- Etymology: Espíritu Santo River
- Coordinates: 07°07′20″N 75°01′38″W﻿ / ﻿7.12222°N 75.02722°W
- Country: Colombia
- Region: Andean
- State: Antioquia

Characteristics
- Range: Central Ranges, Andes
- Part of: Andean oblique faults
- Length: 124.4 km (77.3 mi)
- Strike: 033.9 ± 5
- Dip: Northwest
- Dip angle: High to vertical
- Displacement: 0.2–1 mm (0.0079–0.0394 in)/yr

Tectonics
- Plate: North Andean
- Status: Active
- Earthquakes: ~500 years ago
- Type: Oblique-slip fault strike-slip fault
- Movement: Normal dextral
- Rock units: Puquí Complex, Valdivia Group
- Age: Quaternary
- Orogeny: Andean

= Espiritú Santo Fault System =

The Espíritu Santo Fault (Falla de Espíritu Santo) is a dextral oblique strike-slip fault in the department of Antioquia in northwestern Colombia. The fault has a total length of 124.4 km and runs along an average northeast to southwest strike of 033.9 ± 5 in the Central Ranges of the Colombian Andes. Estimated activity took place around 500 years ago.

== Etymology ==
The fault is named after the Espíritu Santo River, Antioquia.

== Description ==
The Espíritu Santo Fault is one of the more prominent Cenozoic faults in the northern Central Ranges of the Colombian Andes. The fault extends from the Sabanalarga Fault near the town of Liborina in the southwest, as far northeast as the town of Cáceres in the Bajo Cauca area. There, it disappears under young sediment of the Cauca and Nechí River valleys. It has a reverse sense in the northern part and normal sense in the southern part. The Espíritu Santo Fault places Precambrian metamorphic rocks to the south against Paleozoic metamorphic rocks to the north.

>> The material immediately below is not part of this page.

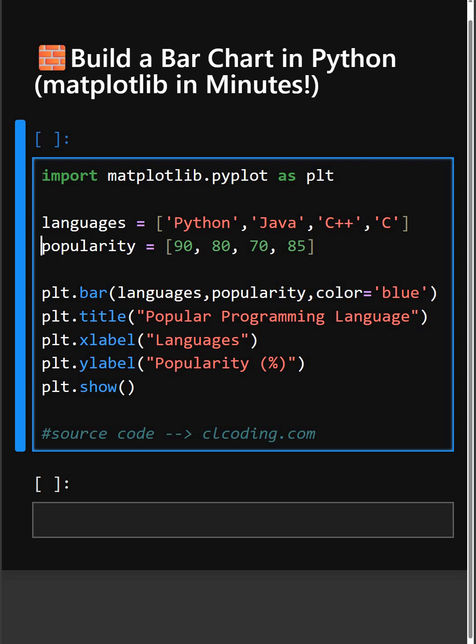And then here plt.bar creates a vertical bar chart with our data, showing languages and their popularity, and we have added the color as blue.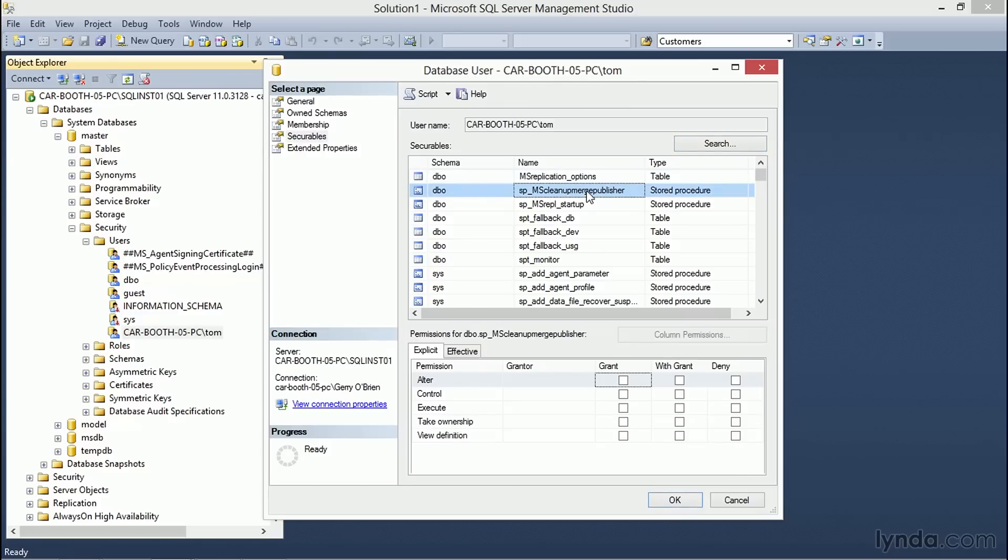Selecting our stored procedures, as you can see once again, changes the types of permissions that we could assign to Tom.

The fault displaces rocks of the Puquí Complex, Valdivia Group, and mafic and ultramafic rocks and sediments of the Bajo Cauca. The Santa Rita Fault terminates against the Espíritu Santo Fault.

The fault forms well developed fault lines and valleys. The fault trace is marked by young morphologic features such as ground ruptures, saddles, shutter ridges, closed depressions, aligned and captured drainages and linear scarps on recent sediment. There is clear offset of 50-100 thousand year old terraces and Quaternary deposits around El Doce. In addition, the fault has displaced a Tertiary erosion surface. The last activity of the fault has been estimated at 500 years ago.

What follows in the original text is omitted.